TASK INSTRUCTIONS: Could you write out, exactly, every line from the top of the data through the line holding "6825 W Soldier"? Omit the pictures.

** EXCERPTED RECORDS follows **

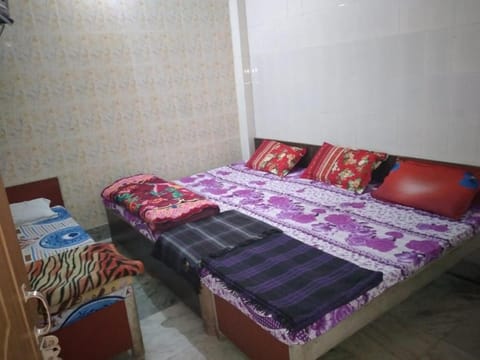 Hotel Gayatri Guest House Haridwar Hotel in Uttarakhand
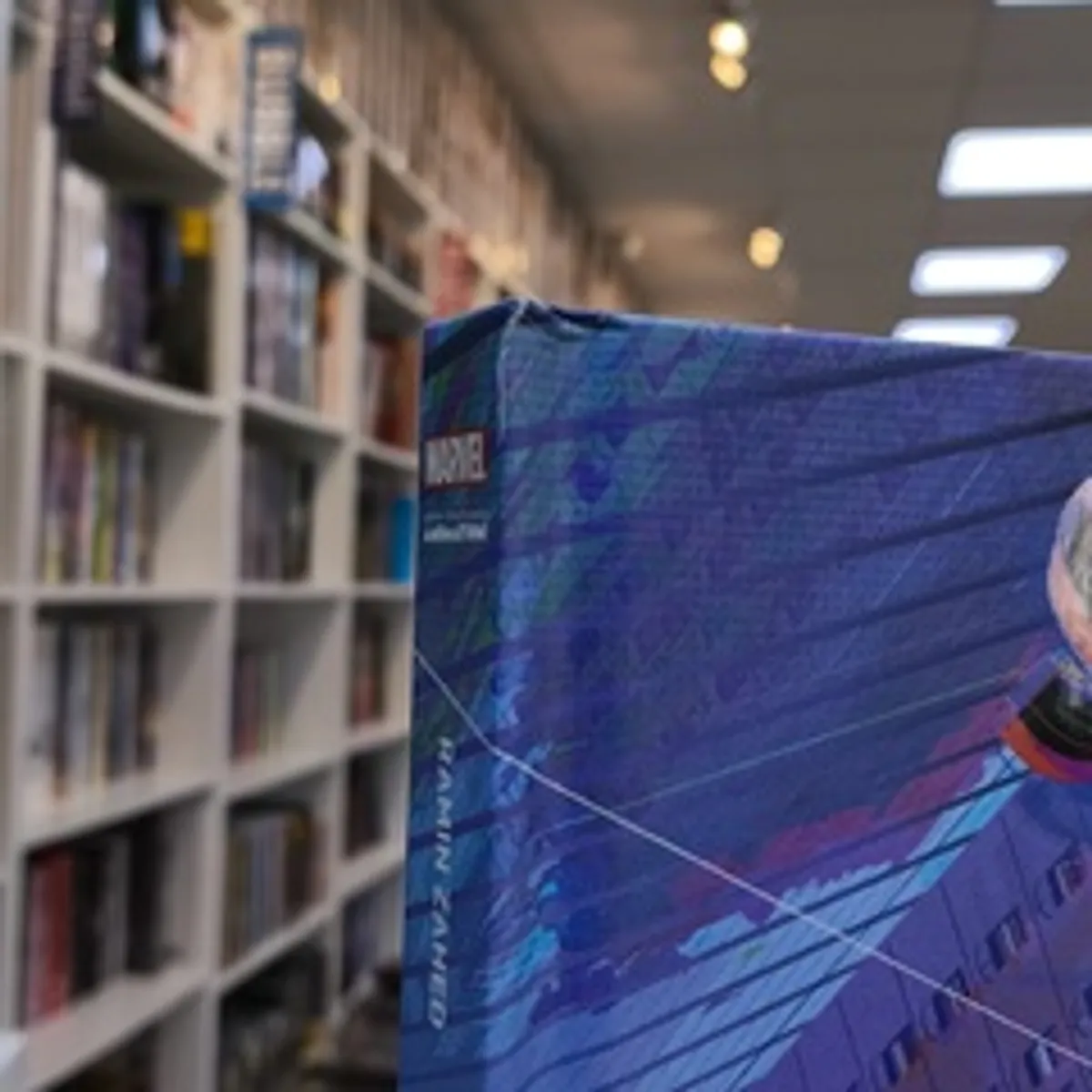 Артбук Spider-Man: Across the Spider-Verse: The Art of the Movie (на английском языке) (Бамп)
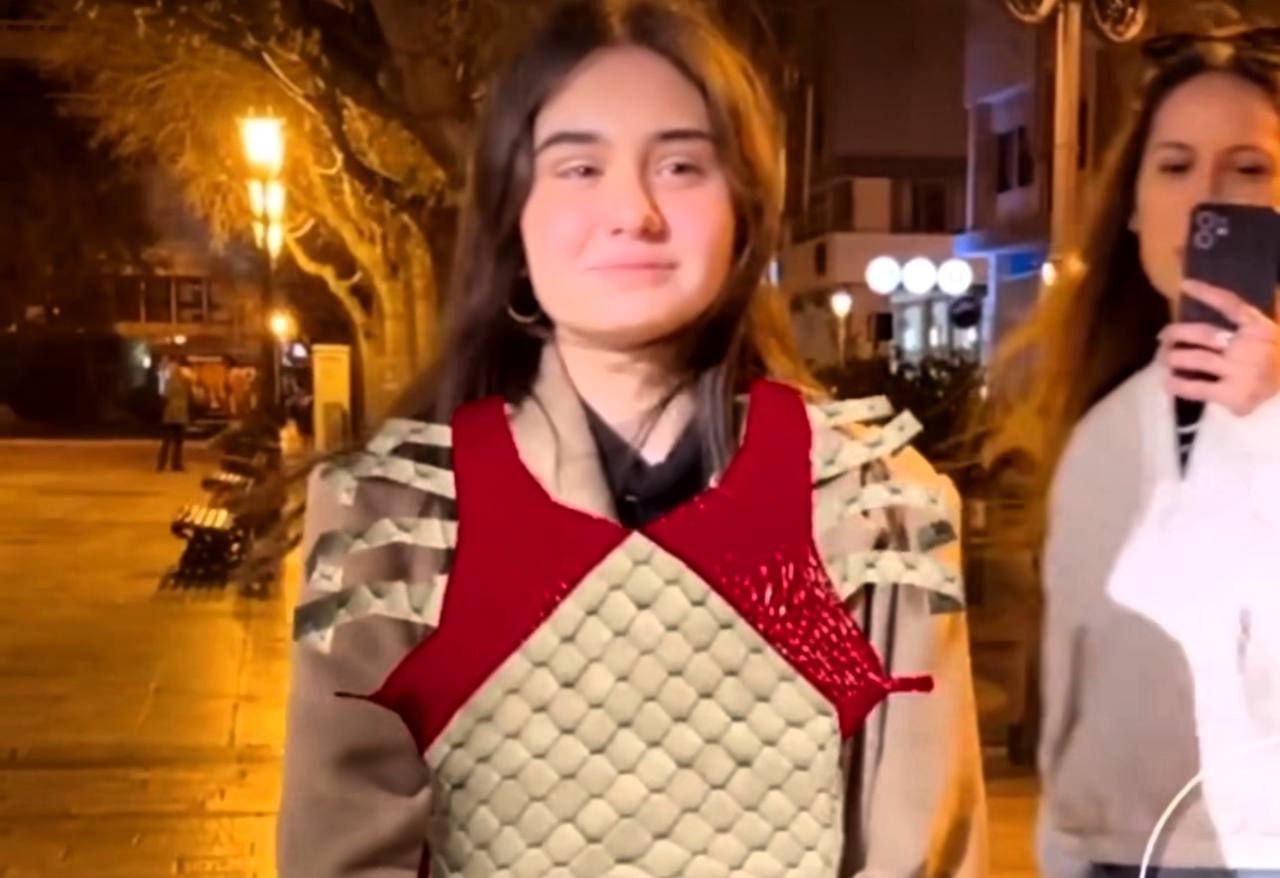 Девушка из Ташкента создала дисплей с виртуальной одеждой в Италии
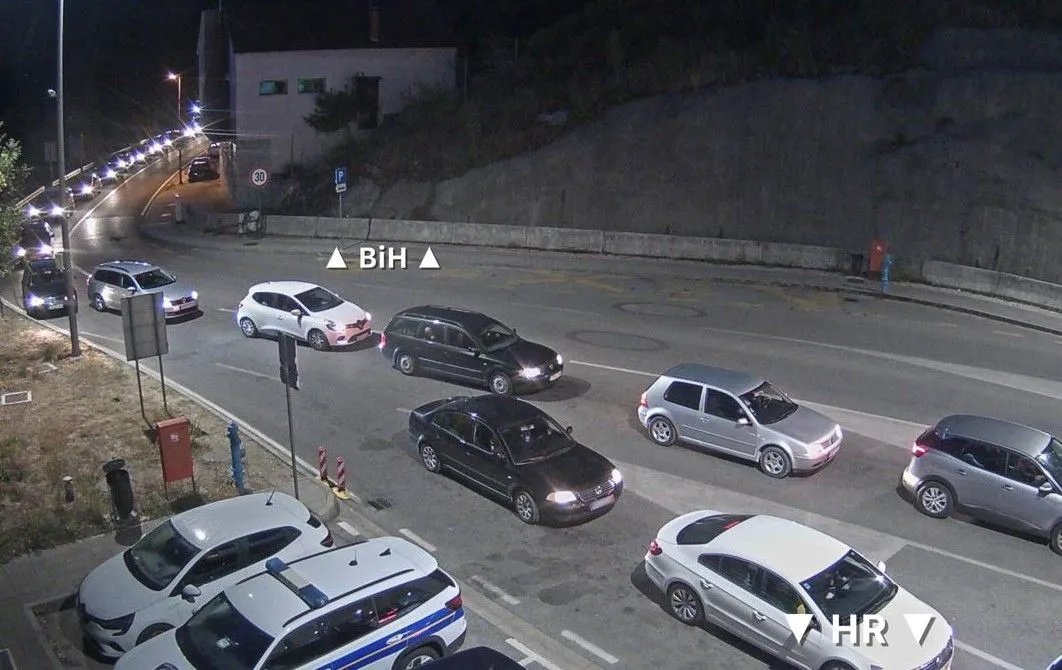 Radovi obustavili saobraćaj na dvije dionice autoceste A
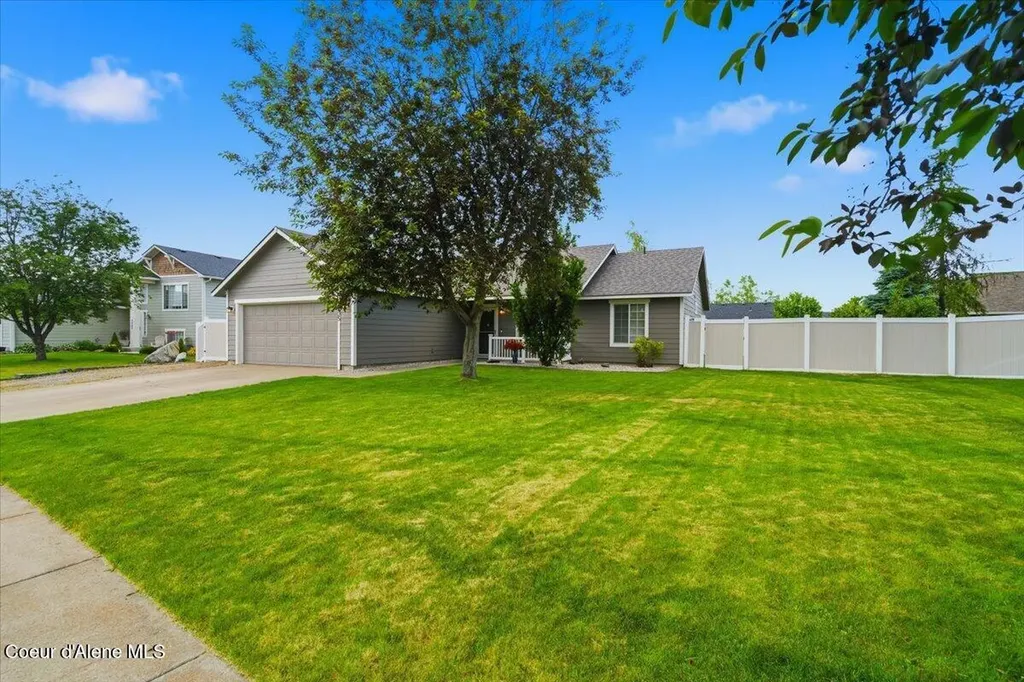 6825 W Soldier Creek Avenue Rathdrum ID 83858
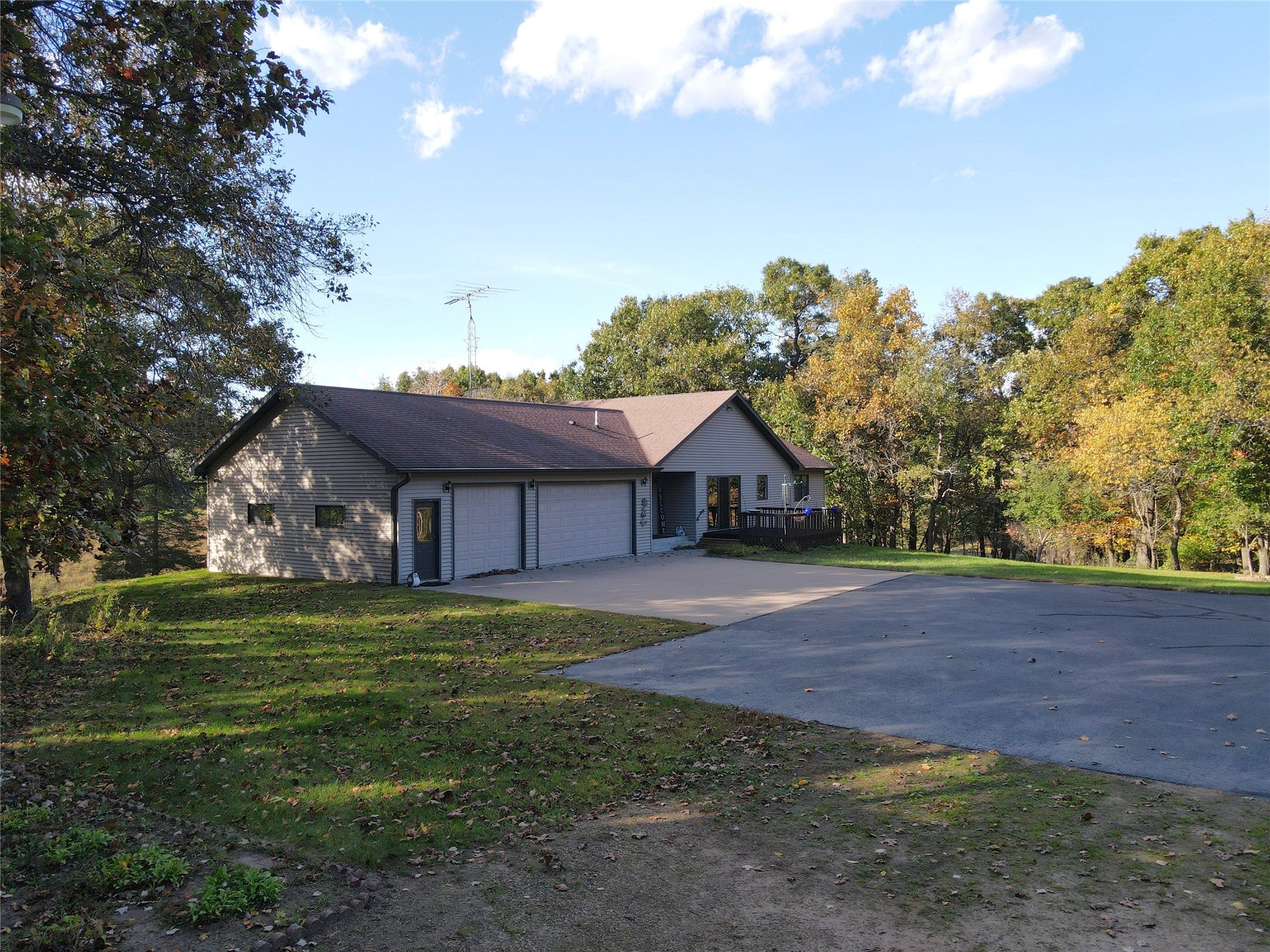 W2089 Spring Creek Road Durand, WI 54736 - Photo 3 of 43 Gallery Image 3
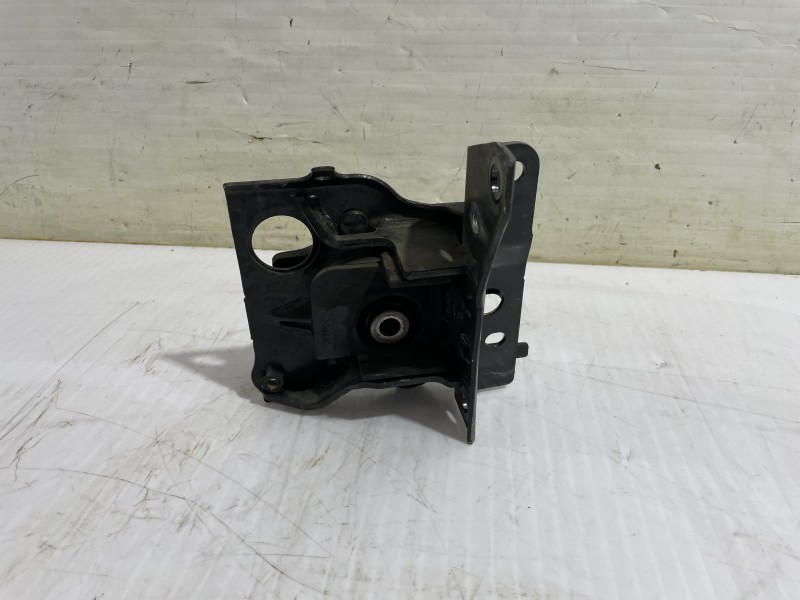 Recambio de soporte motor izquierdo para toyota prius (nhw20) basis referencia OEM IAM 1230621030  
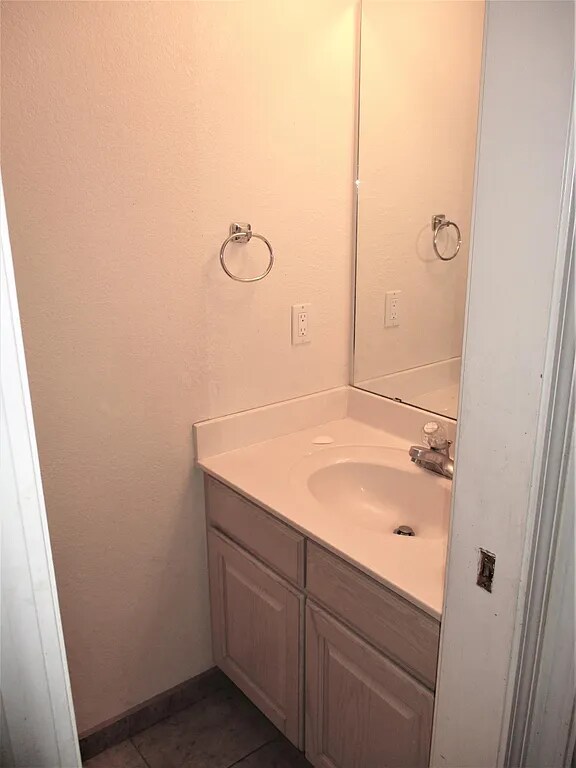 Foto del edificio - 5725 Burnhamwood Pl NE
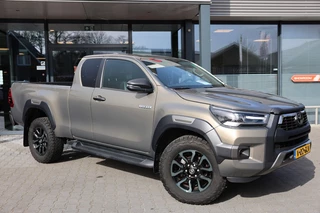 Toyota Hilux 2.8 D-4D X-TRA CAB INVINCIBLE A/T 4WD VAN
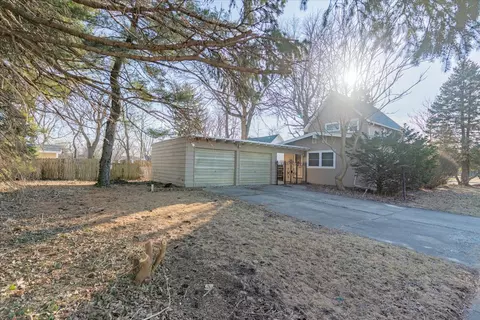 Exterior - 302 S Linden St, Normal, IL 61761 photo 2 of 7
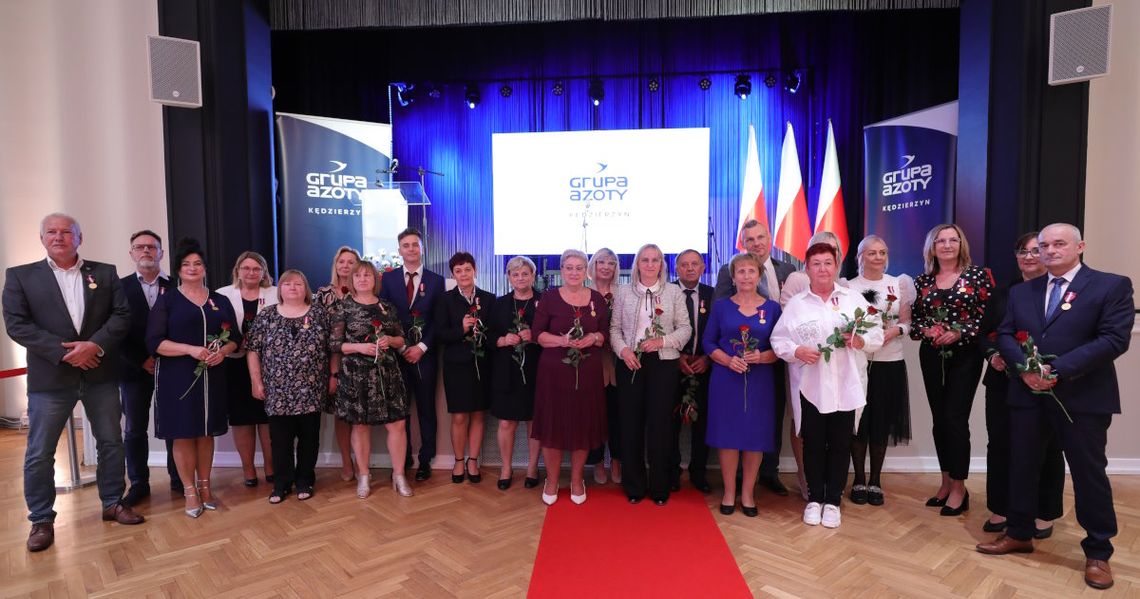 Pracownicy Grupy Azoty ZAK odebrali Medale za Długoletnią Służbę. Rekordzista może pochwalić się 56-letnim stażem. FOTOREPORTAŻ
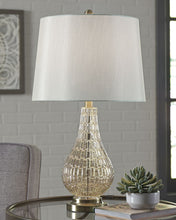 Load image into Gallery viewer, Latoya Lamp Set
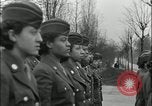 Standbild Afrikaner - Frau Soldaten Birmingham England Vereinigtes Königreich, 1945, aus Sekunde 41 historischem Filmmaterial Videoclip 65675078783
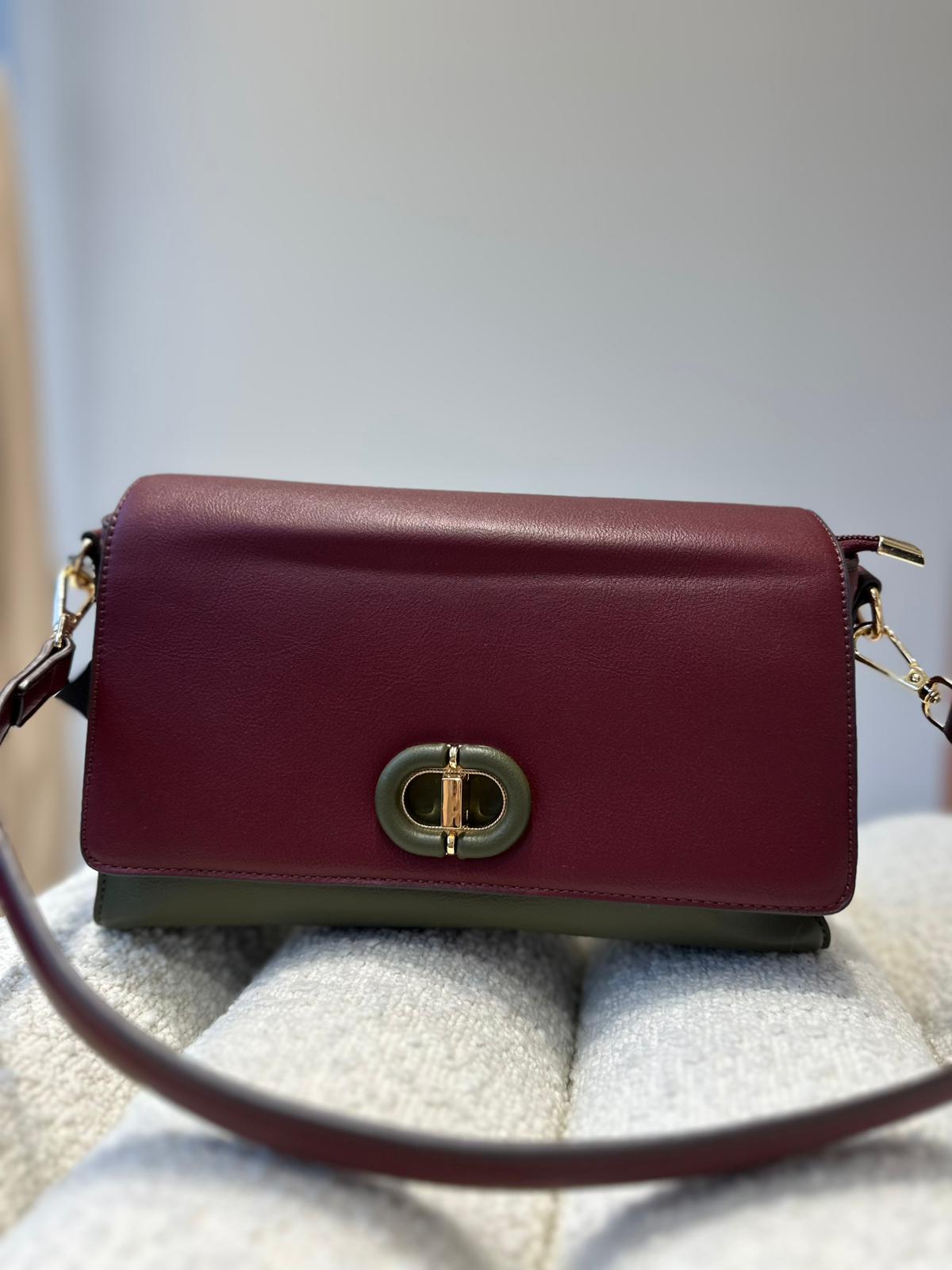 773feba1-2a66-4f8e-a369-13142e9beed8 MALA BORDEAUX E VERDE COM FECHO DOURADO E ALÇA TIRACOLO PONTO CHIC - Image 1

** End of EXCERPTED RECORDS **

TASK SOLUTION:
 Hotel Gayatri Guest House Haridwar Hotel in Uttarakhand
 Артбук Spider-Man: Across the Spider-Verse: The Art of the Movie (на английском языке) (Бамп)
 Девушка из Ташкента создала дисплей с виртуальной одеждой в Италии
 Radovi obustavili saobraćaj na dvije dionice autoceste A
 6825 W Soldier Creek Avenue Rathdrum ID 83858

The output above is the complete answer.